Member of the Utah House of Representatives from the 10th district
- In office January 1, 2019 – December 30, 2020
- Preceded by: Dixon Pitcher
- Succeeded by: Rosemary Lesser
- In office January 1, 1999 – January 1, 2009
- Preceded by: Patricia B. Larson
- Succeeded by: C. Brent Wallis

Personal details
- Born: LaWanna Miles June 13, 1935 Afton, Wyoming, U.S.
- Died: December 30, 2020 (aged 85) Ogden, Utah, U.S.
- Party: Democratic
- Spouse: Bob Shurtliff ​ ​(m. 1957; died 2018)​
- Children: 2
- Alma mater: Utah State University (BS)

= LaWanna Shurtliff =

American politician (1935–2020)

LaWanna Miles "Lou" Shurtliff (June 13, 1935 – December 30, 2020) was an American politician who served in the Utah House of Representatives from 1999 through 2008, and was elected again in 2018. She had just won her 2020 election before her unexpected death, and never took office for that term.

==Early life and education==
Born LaWanna Miles in Afton, Wyoming, Shurtliff graduated from Star Valley High School in 1953. Shurtliff earned a BS in business and English education from Utah State University in 1957.

==Career==
Shurtliff was an English teacher at Roy Junior High School from 1957 to 1959 and a business and accounting teacher at Ogden High School from 1966 to 1994. Shurtliff became a teachers' union leader, first as president of the Ogden Education Association then director of the Utah Education Association.

Shurtliff was asked last minute by the Weber County Democratic Party to run for the Utah State Senate. Shurtliff lost by under 200 votes and garnered 49.92%.

In 1998 Pat Larsen was retiring from her seat in the Utah House of Representatives in District 10. Shurtliff ran to succeed her friend Pat and won against Republican Bill Turner. Shurtliff had held the District 10 seat, from 1999 through 2008, and was last elected in 2006 to the seat, which covers southern Ogden and South Ogden. She did not seek reelection after that last term. During her time in the legislature from 1999 to 2008 Shurtliff passed legislation related to assisting victims of domestic violence, establishing some of the first stalking injunctions in the country and increasing funding for Utah schools and teachers.

Three days before the 2018 filing ended Shurtliff was approached by two Weber State University students who asked her to run for her old seat in House District 10, offering to manage her campaign. She filed the next day and was the only Democrat to file for that race. In the 2018 general election, she defeated Republican candidate Lorraine Brown, with 53.89% of the vote.
Shurtliff is the first Democrat to win a Utah House race in Weber County since Neil Hansen won the District 9 race in 2008. During the 2019 session Shurtliff sponsored multiple pieces of legislation that addressed substance abuse and justice reform.
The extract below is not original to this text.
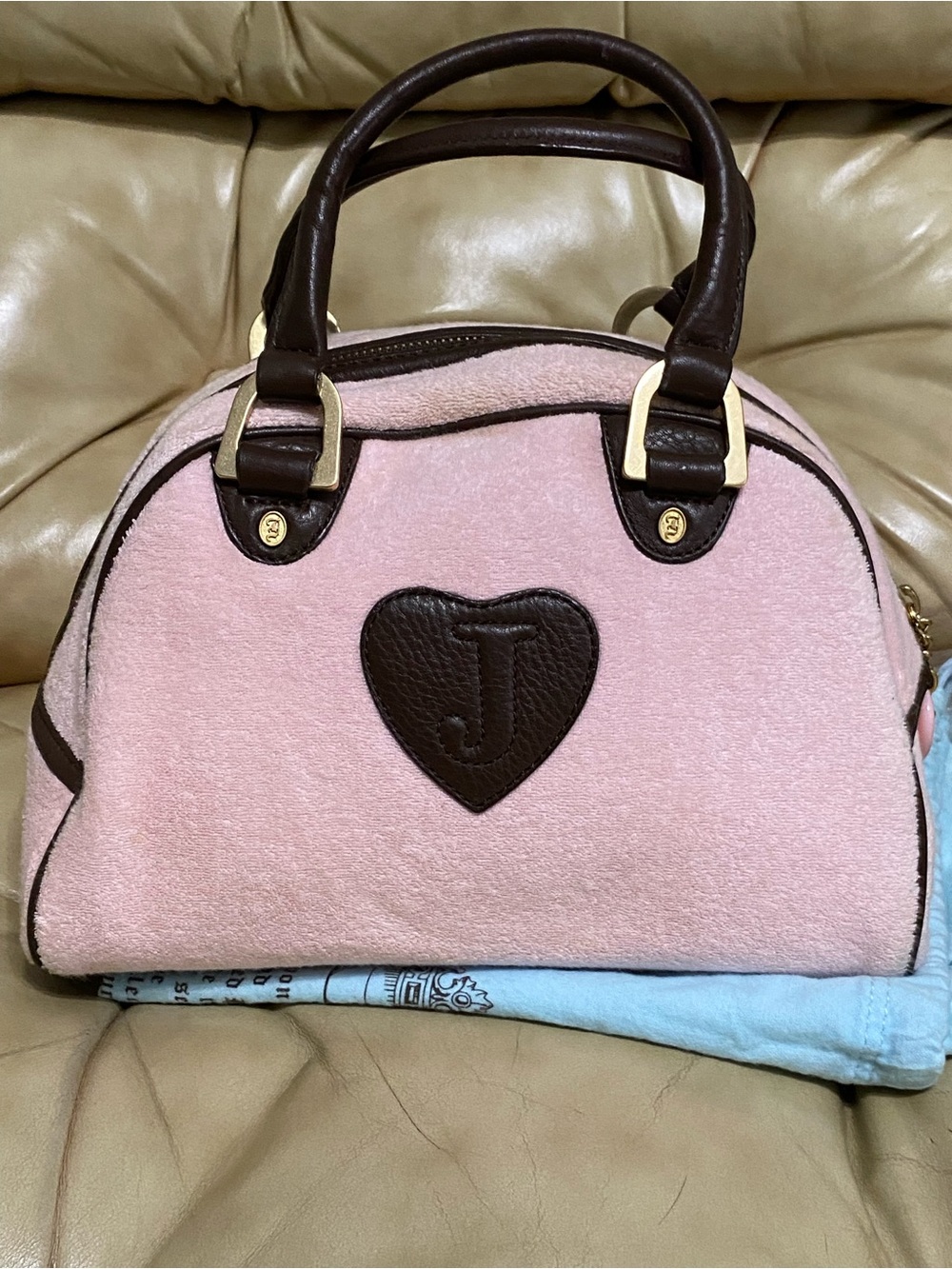 Vintage Juicy Couture Royal Bowler Bag Velour Velvet Baby Pink Crown w/Charms - Picture 3 of 16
Lou Shurtliff also voted against SB 96 that altered the medicaid expansion initiative that passed in 2018. She credited her vote against altering the initiative due to her district voting over 60% in favor of it and "respecting the will of the people". Shurtliff had just won a narrow race in 2020 against Republican Travis Campbell (51%) before her unexpected death.

Shurtliff was also a founding executive committee member to the group Weber County Forward.

== Personal life ==
LaWanna Shurtliff married Bob Shurtliff in 1957; Bob died in 2018. They had two children, Scot and Stacy, and raised them in Roy, Utah. LaWanna died on December 30, 2020, at the age of 85, in Ogden, Utah, after suffering from pneumonia.